Du trapèze à 3 714m du sol
Le 13 juillet 1994, le feu d’artifice est tiré avec un peu d’avance dans le cœur de Jean-Daniel Ouvrard, qui décroche son brevet de pilote de ballon libre (sic). Et depuis ? Les chiffres impressionnent… A son actif, 3 600 heures de vol, à raison de 180 décollages par an, soit un tous les deux jours. C’est l’une des meilleures moyennes françaises, assez remarquable au regard des conditions météo parfois capricieuses. Il les suit de près quotidiennement. « On reste toujours tributaires des vents. » Son record personnel d’altitude se situe à 4 359m, au-dessus du massif du Mont-Blanc. Et puis il y a eu ce défi contre l’apesanteur. Le 21 février dernier, l’aérostier a emmené l’artiste Isabelle Ponsot à 3 714m du sol, le temps d’un numéro de trapéziste vertigineux dans le vide par -24°C.

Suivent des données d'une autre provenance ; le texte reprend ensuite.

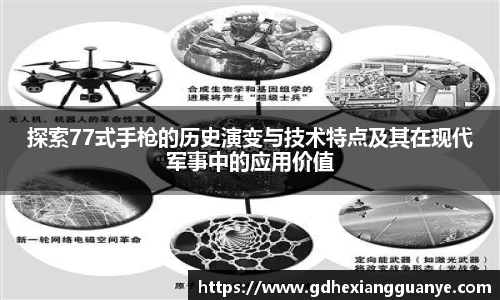 风云足球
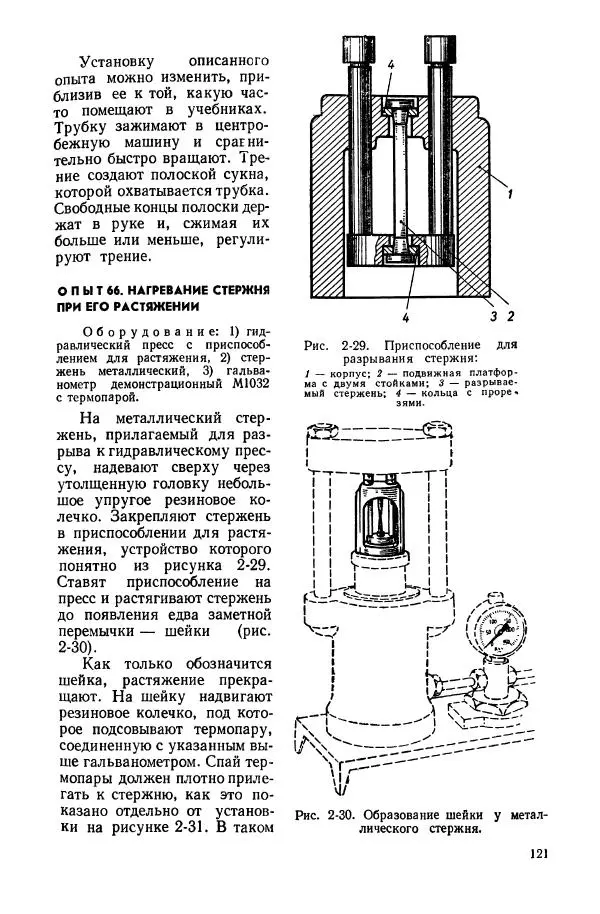 Владимир Буров - Демонстрационный эксперимент по физике в средней школе. Ч. 1. : Механика, молекулярная физика, основы электродинамики - Страница № 123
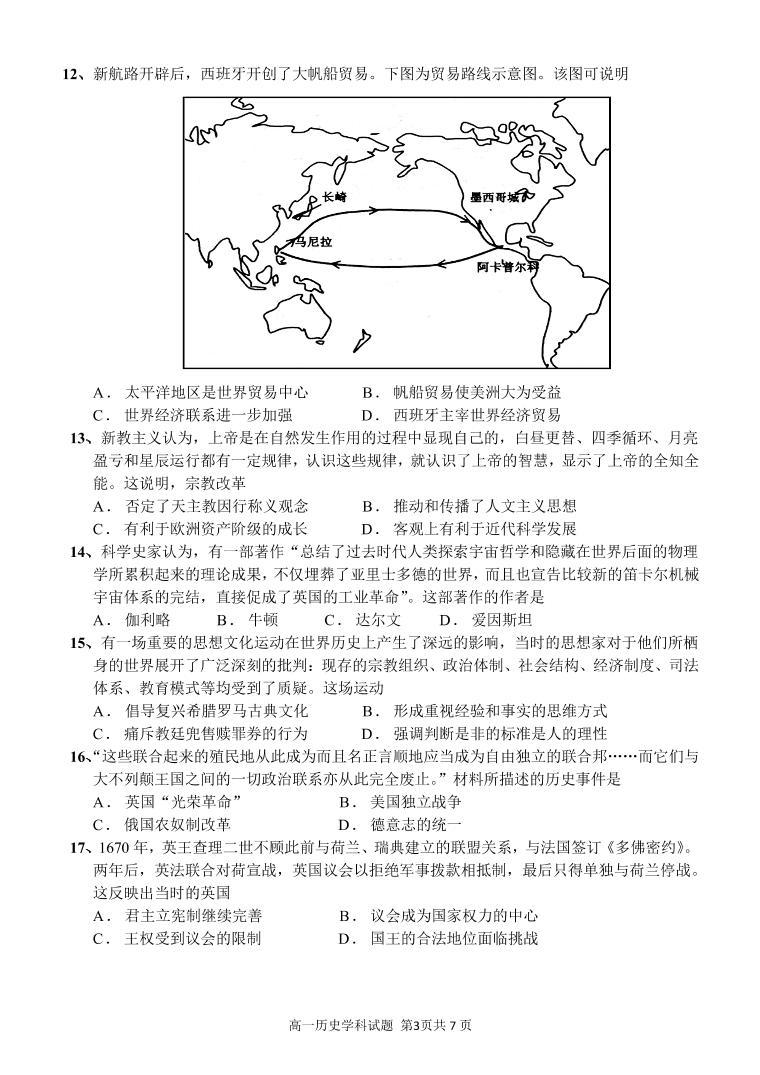 2022-2023学年浙江省宁波市三锋教研联盟第二学期高一期中联考历史试题【PDF版】03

A force d'avoir le nez au vent, ses enfants ont évidemment chopé le virus. Ses trois aînés ont même déjà goûté à la compétition. Le quatrième, Eden, 13 ans, regarde encore passer les ballons. Rémi, 25 ans, salarié de l’entreprise familiale, pilote en duo avec son frère Aurélien, 33 ans, qui s’occupe de la navigation quand il ne travaille pas à Paris pour une startup dans l’humanitaire. Ensemble, ils ont décroché leur premier podium aux championnats de France, en 2017, à Villeneuve-sur-Lot, sur le lieu exact où se déroulera l’édition 2019 en août prochain. Prometteur. Paul, 19 ans, étudiant à Bordeaux, fait équipe avec son père. Le début d’une belle aventure. Si, à 57 ans, Jean-Daniel Ouvrard n’a jamais eu le plaisir de soulever un trophée national, il a terminé 67eparmi les 1 117 meilleurs aérostiers internationaux, lors de son unique participation à « la plus grande compétition de montgolfière du monde », en l’an 2000 à Albuquerque. Sa régularité fait de lui une référence dans son domaine et les amateurs éclairés ne s’y trompent pas. Ils viennent de loin désormais pour voler avec le maître et loger dans le nouveau gîte sur les hauteurs d’Antoigné, géré par Sandrine, la compagne de Jean-Daniel depuis trois ans. Ce marathonien, titulaire à l’origine d’un brevet d’Etat d’éducateur sportif multi-activités, n’hésite pas à mettre sa notoriété au service des bonnes causes. Chaque année, il offre six vols à l’occasion du Téléthon. Et a choisi d’investir dans l’une des rares nacelles adaptées au transport des personnes en situation de handicap moteur. « Un maximum de gens doivent pouvoir vivre cette sensation, de 7 ans jusqu’à une grand-mère de 101 ans qui a déjà volé avec moi ! ».